Without including the pictures, copy out every line below.

(Beginning of Dataset content)

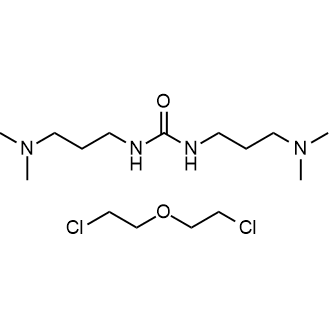 1,3-Bis(3-(dimethylamino)propyl)urea compound with 1-chloro-2-(2-chloroethoxy)ethane 1:1|CS-0504225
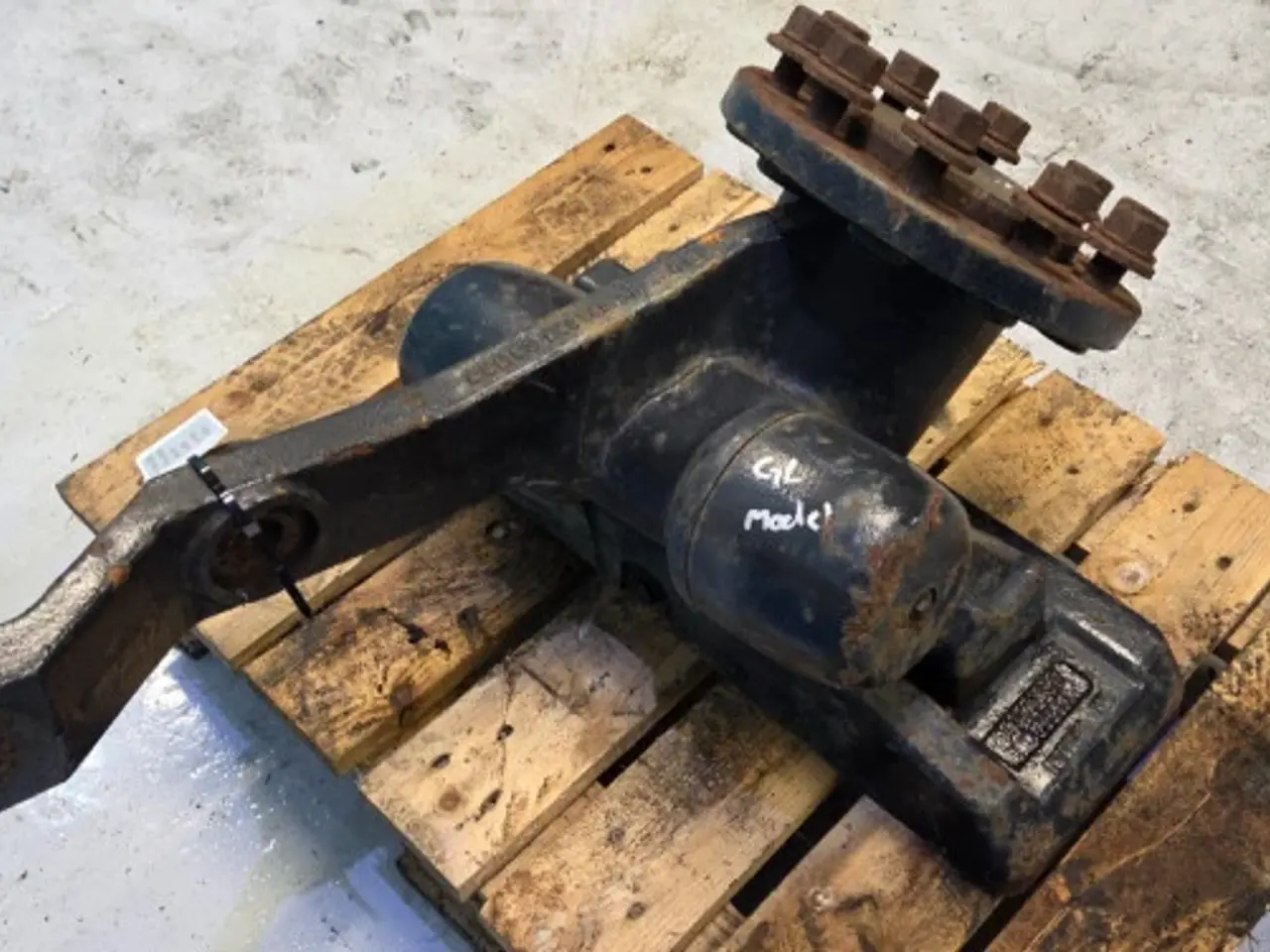 Billede 5 - New Holland CX840 Spindel L. 84074069
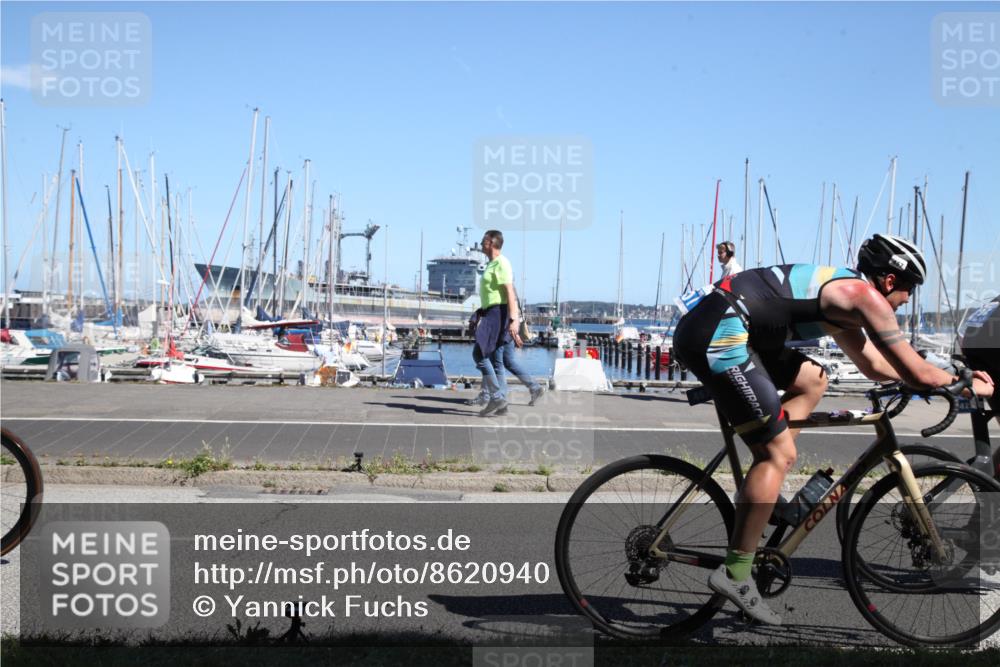 17.08.2025 - KN Förde Triathlon 2025 Yannick Fuchs http://msf.ph/oto/8620940 17.08.2025 13:01:26 Radfahren 425, 428, 440, 446, 454, 457, 473, 511, 517 meine-sportfotos.de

(End of Dataset content)

▶ _Written response_:
 1,3-Bis(3-(dimethylamino)propyl)urea compound with 1-chloro-2-(2-chloroethoxy)ethane 1:1|CS-0504225
 Billede 5 - New Holland CX840 Spindel L. 84074069
 17.08.2025 - KN Förde Triathlon 2025 Yannick Fuchs http://msf.ph/oto/8620940 17.08.2025 13:01:26 Radfahren 425, 428, 440, 446, 454, 457, 473, 511, 517 meine-sportfotos.de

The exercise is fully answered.